Though only 25 verses long, Paul's Letter to Philemon has had a profound effect on Christian history and thought. This brief, enigmatic letter focuses on the enslaved figure of Onesimus. Since the U.S. Civil War, biblical scholars have focused on historical-critical investigations of the epistle's first-century context and the reception of this letter in the Antebellum South.
Little work, however, has been done on how Christians imagined Onesimus between the 1st and the 19th centuries or after the Civil War. In this book, Chance E. Bonar offers a reception history of Onesimus from the first century until today. In doing so, he highlights unknown and underexplored aspects of Onesimus's presence in late ancient and medieval Christian memory and storytelling, particularly through the martyrdom tradition that emerged and developed around Onesimus by the seventh century. Onesimus started out as a historical enslaved person in the first century, but quickly became a biblical literary character whom later Christians used as a site for crafting their own discourses about slavery, mastery, and piety. Bonar's argument sheds light on the expansive Christian storytelling about Onesimus that took place in the eastern Mediterranean and the Horn of Africa in late antiquity and the medieval period--stories that were unknown or lost to later Anglophone Bible readers--as well as how Onesimus has continued to be a literary and theological resource for writers well into the 20th century.

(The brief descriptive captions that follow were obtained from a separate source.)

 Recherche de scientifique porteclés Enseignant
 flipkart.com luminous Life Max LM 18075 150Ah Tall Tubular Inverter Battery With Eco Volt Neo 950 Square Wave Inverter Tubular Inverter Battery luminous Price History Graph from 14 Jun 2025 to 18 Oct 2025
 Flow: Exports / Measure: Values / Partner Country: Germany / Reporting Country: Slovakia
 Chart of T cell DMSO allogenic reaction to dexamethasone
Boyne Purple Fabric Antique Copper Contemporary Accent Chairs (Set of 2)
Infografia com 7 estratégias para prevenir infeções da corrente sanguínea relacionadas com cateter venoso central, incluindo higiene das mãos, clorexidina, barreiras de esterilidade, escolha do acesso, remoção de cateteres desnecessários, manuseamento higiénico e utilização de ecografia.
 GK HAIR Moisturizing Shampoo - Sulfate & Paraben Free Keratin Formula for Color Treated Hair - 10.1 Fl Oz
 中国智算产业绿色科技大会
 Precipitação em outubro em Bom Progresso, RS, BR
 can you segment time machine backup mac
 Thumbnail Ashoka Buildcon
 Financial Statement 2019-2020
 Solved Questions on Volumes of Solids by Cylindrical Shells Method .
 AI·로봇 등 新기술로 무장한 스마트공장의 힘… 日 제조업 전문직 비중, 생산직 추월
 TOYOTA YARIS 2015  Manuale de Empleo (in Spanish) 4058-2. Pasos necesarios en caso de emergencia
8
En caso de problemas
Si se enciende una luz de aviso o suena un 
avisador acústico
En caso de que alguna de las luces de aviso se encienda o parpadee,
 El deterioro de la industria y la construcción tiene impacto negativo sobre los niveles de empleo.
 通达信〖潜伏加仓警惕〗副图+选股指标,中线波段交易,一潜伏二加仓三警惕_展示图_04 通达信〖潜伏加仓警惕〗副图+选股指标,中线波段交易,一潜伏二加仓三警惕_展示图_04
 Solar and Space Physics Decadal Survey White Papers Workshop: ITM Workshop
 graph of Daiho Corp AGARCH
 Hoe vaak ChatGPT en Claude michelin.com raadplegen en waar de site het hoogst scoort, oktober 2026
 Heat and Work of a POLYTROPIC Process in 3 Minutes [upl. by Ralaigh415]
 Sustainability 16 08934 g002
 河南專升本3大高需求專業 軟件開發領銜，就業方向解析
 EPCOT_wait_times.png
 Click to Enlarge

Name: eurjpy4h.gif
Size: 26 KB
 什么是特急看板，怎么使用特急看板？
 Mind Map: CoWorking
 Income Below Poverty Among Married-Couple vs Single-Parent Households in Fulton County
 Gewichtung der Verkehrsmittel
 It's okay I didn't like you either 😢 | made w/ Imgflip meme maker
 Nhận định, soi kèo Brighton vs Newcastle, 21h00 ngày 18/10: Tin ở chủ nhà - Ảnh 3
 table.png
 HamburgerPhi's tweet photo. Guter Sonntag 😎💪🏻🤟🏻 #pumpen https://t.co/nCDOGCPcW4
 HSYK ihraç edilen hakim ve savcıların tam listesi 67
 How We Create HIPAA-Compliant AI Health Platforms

In doing so, Bonar demonstrates the value of apocryphal Christian traditions to our modern understanding of a biblical figure. Although Onesimus, as an enslaved person, was marginalized and invisibilized even in Paul's letter to Philemon and in Antebellum biblical interpretation, Bonar's book highlights how later Christians constructed stories about Onesimus as a martyr, saint, bishop, and missionary worth memorializing.